Приятель, беспечный барон Серж Строганов, хохотнул:

— А ведь он и впрямь о верховных.

Вот это смело, вот это по-нашему.

Гудел бас преосвященного:

— И помните, россияне: которая земля переставляет обычаи свои, та земля недолго стоит! — Да ведь это прямое указание на кондиции и замыслы верховных против самодержавства. Самые тугодумы, казалось, догадались об этом. Толпа зашумела, загомонила.

Барон Серж, расталкивая толпу локтями, рванулся к выходу: первым разнести по Москве весть о смелой речи Феофана Прокоповича. Отлетел в сторону под локтем барона тамбовский купчик. Он один так ничего и не понял.

ГЛАВА 14

На масленицу в доме протопопа Архангельского собора Родиона Никитина по старинному обычаю шла гостьба толстотрапезна. А древнерусские обычаи протопоп соблюдал свято. «Да и как мне не блюсти старину, коли в моём храме покоятся бренные останки и Ивана Калиты, и Дмитрия Донского, да и косточки первых Романовых тоже отдыхают!» — шумно вздыхал тучный и краснолицый протопоп, придавая лицу соответственно постное и смиренное выражение. Но в глазах его нет-нет да и мелькала чертовщинка. Ибо куда более долгих постов любил он весёлые праздники, и особливо масленицу.
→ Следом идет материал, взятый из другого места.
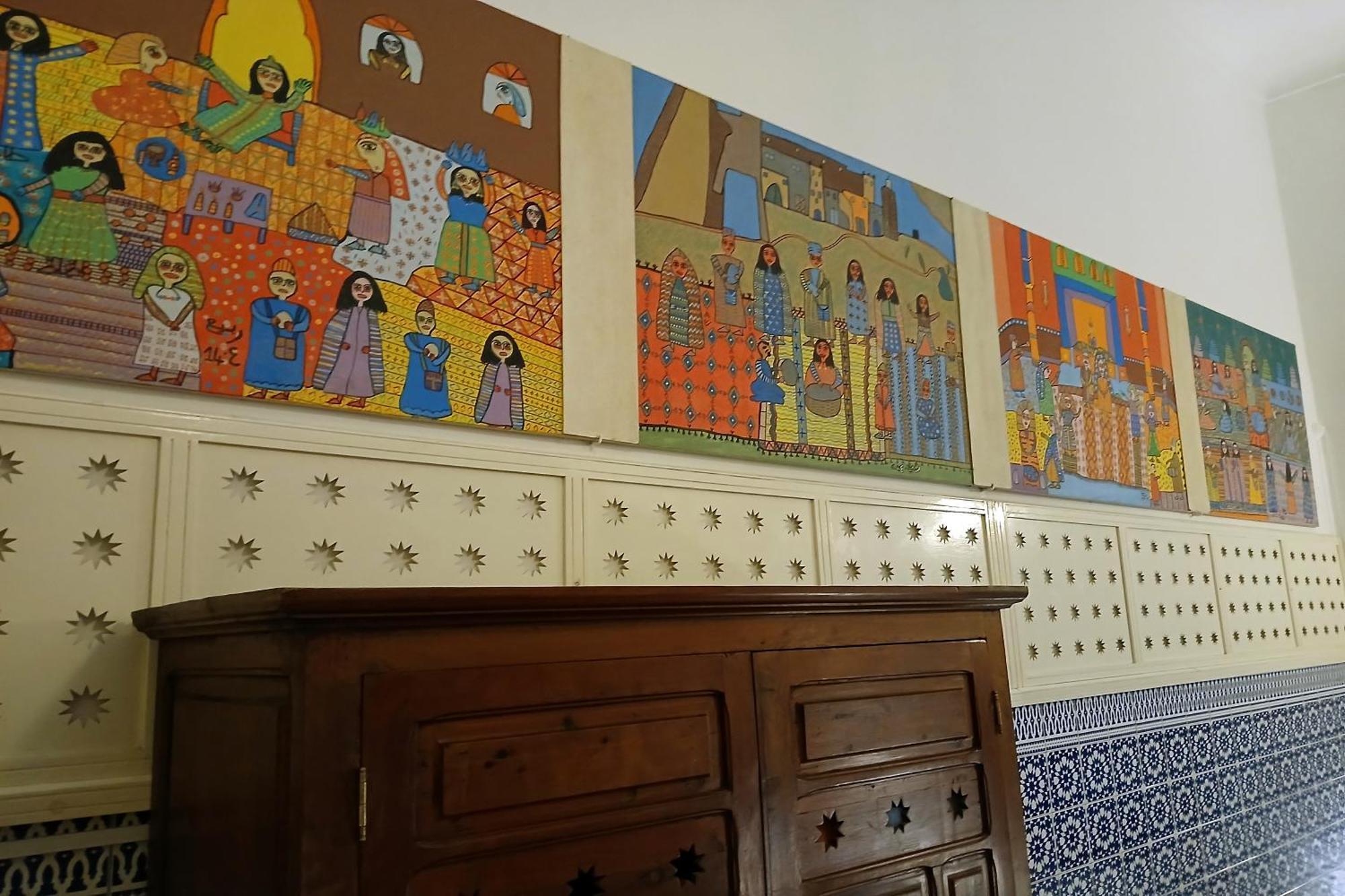 Riad Meftaha Rabat Exterior foto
И вот с утра над поварней из трубы повалил густой дымок, а на дубовый стол стряпухи метали блины: и тёмные гречневые, и молочные из белой муки, огромные приказные оладьи с коровьим маслом, и сладкие тестяные шишечки, пироги с сыром и хворосты, пироги с лебяжьими потрохами под медвяным взваром и губчатые сыры из творога со сметаной.

А к блинам, как и водится, подавалась икорка — в одной кадушечке чёрная, а в другой красная, и служки накладывали её дорогим гостям, кто сколь пожелает.

На столе весело переливались в бутылях и разноцветные водочки: и белая пшеничная, и тёмная можжевеловая, и настоянная на красном перце петровская, и заморская гданьская. Здесь же красовались и наливочки: рябиновая и клюквенная, малиновая и смородинная. Для тех же гостей, у которых сердце послабже, на другом углу стола стояли вина заморские: кипрское и фряжское, токайское и бургундское. Немецким же мозельвейном сам хозяин просто запивал горькую полынную настойку, которой он лечил голову и суставы.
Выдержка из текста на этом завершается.